It’s often widely argued that Dogme cannot be applied in Exam preparation classes as they often follow a syllabus and have strict guidelines as to where students are headed and the language they need to know in order to pass the exam.
However, many exams these days no longer utilize discrete item tests like gaps fills. Instead, most exams seem to be looking at what students can do with the language they know, and through the use of topics as prompts, assess the range and accuracy of language students use to communicate and organise their ideas. For instance, students answer essay questions such as ‘Sports do not bring people together. They tear people apart. Do you agree?’
In fact, the IELTS exam itself is a bit like a Dogme lesson – Here’s a topic, let’s see what emerges.
So why do we feel that in order to effectively prepare students for these exams, we need to systematically take them through the exercises of a coursebook and strictly follow a syllabus?
I took an IELTS preparation class recently and was prescribed a neat little coursebook which I embarked on trying out. However, in the classroom, instincts seemed to take over and using the topics of the coursebook as a departure point, I started to do the following:
For lexis
- Get students to brainstorm words related to the topic while I mindmap on the board.

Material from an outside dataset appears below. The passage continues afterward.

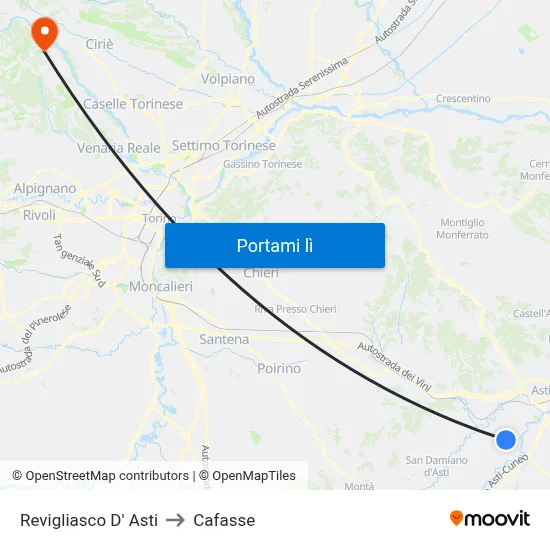 Revigliasco D' Asti to Cafasse map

- Do lots of revision and recall sessions using back-to-board or board rush games.
For speaking and discussions
- Get students to discuss certain issues related to the topic in pairs, mindmap on their mini-white boards
, and feedback to the class.
- Divide the class into two with one group agreeing and the other disagreeing and conduct a class debate after some prep time.
- Get students to close their eyes and visualize a scene they have to describe as the teacher raises awareness of all their senses, taking them through the sights and smells of the scene. Students then open their eyes and take turns describing to their partner (great for IELTS Speaking Part 2).
For writing
- Give each pair a different essay question to draft the main points of the essay for 3 minutes. After 3 minutes, the question is passed on to the next pair. After the brainstorming ideas for all those different questions, the class writes the introductory paragraph to the first question. The teacher writes one too. They show each other the paragraph and the class is guided into noticing certain features of writing the teacher has used. The class attempts to emulate what the teacher has done with the introduction paragraph of the next topic.
The above procedure can be done not just with introductions, but with any paragraph or short piece of writing. Repeat as many times as you like because each time, different language issues emerge, and it allows you to take students through everything from linking words to thematic structure (theme and rheme) to how to write overview statements.
For listening
- Get students to pick a TV programme to watch as homework. You can specify the genre e.g. documentaries, or the film e.g. An Inconvenient Truth, Supersize Me. Students have to make notes and summarise the film for fellow classmates.
- Do intensive listening exercises e.g. using the BBC News Headlines in class.
For grammar
- So much grammar emerges from the discussions and the writing tasks that it is really a matter of the teacher being principled in the eclectic way they improvise in the classroom.
- I find corrections for written homework best done with the whole class as a delayed correction slot so that students can learn from each other’s mistakes and think about how they can reformulate sentences to make them better.
So my one-month IELTS class went the Dogme way and feedback from my students was overwhelmingly positive. A couple said that they had never learnt so much in a month before.
And the irony is – everything they learnt came from them.